As long as you're admitting bias, I'll join you. I'll admit to making assumptions when I see Dads (but not Moms) with their kids at restaurants eating dinner out. I find myself assuming that they are divorced Dads perhaps overcompensating by taking their kids out on Dad's custodial days. We all have a ways to go to put down our suspicions and biases.

I think nurturing is a verb- an action and a choice. Fathers can be every bit as nurturing as Moms. I know several Moms who are sorely lacking in the nurturing part of their childrens' care giving. I don't believe it is a sex-linked characteristic.

Two of our friends are stay at home Dads who don't work outside the house.
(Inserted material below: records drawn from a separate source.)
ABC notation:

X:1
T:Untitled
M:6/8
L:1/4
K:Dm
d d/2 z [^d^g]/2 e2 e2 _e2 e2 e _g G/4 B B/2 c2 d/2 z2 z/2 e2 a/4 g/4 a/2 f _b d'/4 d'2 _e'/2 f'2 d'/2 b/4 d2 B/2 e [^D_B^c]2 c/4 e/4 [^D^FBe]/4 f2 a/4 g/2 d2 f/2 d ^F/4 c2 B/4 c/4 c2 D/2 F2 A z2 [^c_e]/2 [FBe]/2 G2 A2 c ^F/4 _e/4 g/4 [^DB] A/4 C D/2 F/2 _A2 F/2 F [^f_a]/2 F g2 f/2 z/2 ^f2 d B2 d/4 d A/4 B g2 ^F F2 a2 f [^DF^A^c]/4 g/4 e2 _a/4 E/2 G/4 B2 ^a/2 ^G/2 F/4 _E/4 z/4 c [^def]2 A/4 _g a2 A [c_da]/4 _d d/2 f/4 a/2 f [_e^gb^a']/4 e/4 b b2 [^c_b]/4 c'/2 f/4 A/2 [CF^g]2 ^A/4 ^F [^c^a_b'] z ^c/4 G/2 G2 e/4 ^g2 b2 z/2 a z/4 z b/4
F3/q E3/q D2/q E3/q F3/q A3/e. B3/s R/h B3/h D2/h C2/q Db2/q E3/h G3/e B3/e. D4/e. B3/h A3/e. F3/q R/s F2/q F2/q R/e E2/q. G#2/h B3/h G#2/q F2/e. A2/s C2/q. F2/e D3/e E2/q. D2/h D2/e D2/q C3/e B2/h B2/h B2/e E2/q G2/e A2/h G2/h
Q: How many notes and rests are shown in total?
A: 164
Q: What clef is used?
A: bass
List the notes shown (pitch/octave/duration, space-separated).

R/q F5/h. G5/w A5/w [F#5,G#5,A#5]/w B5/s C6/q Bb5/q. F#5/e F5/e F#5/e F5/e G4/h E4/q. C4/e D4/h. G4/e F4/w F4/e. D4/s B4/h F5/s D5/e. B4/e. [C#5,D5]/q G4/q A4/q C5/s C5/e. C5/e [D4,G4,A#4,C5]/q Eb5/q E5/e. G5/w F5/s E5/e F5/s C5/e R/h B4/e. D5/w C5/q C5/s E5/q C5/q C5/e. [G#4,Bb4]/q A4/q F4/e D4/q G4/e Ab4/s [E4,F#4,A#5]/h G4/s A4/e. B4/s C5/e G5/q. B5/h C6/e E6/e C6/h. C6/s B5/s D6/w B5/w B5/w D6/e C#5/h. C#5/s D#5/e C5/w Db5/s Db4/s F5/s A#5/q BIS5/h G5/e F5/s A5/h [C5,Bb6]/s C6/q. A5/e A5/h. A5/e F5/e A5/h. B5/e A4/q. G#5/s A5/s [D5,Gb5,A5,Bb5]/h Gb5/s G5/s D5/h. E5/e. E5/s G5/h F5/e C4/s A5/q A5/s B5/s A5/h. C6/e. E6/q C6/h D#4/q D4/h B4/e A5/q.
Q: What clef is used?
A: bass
They are great guys and fathers and have mentioned several times that they have felt like they are perceived as under-acheivers because they don't work outsde the home.

Conversations like this remind me that I need to be less judgemental and to question both my assumptions and society's biases.

Wasn't it Felix Unger from "The Odd Couple" who said that when we ASSUME it only make an "ASS of U and ME"?!

Lynne said...

One more note- my husband Art is an actuary and we spent a lot of time discussing and trying to decide whether he should quit work and stay home to home-school the kids while sending me back to work full time. It would have meant a substantial drop in our income but he was willing to go for it. While I think he has plenty of the other "male ego" traits, this was not one! Everyone is different and totally their own.

Owlman said...

Thanks for your thoughtful comments. Just to proof me right the little monkee is not napping today, so I guess I have to get him up and running.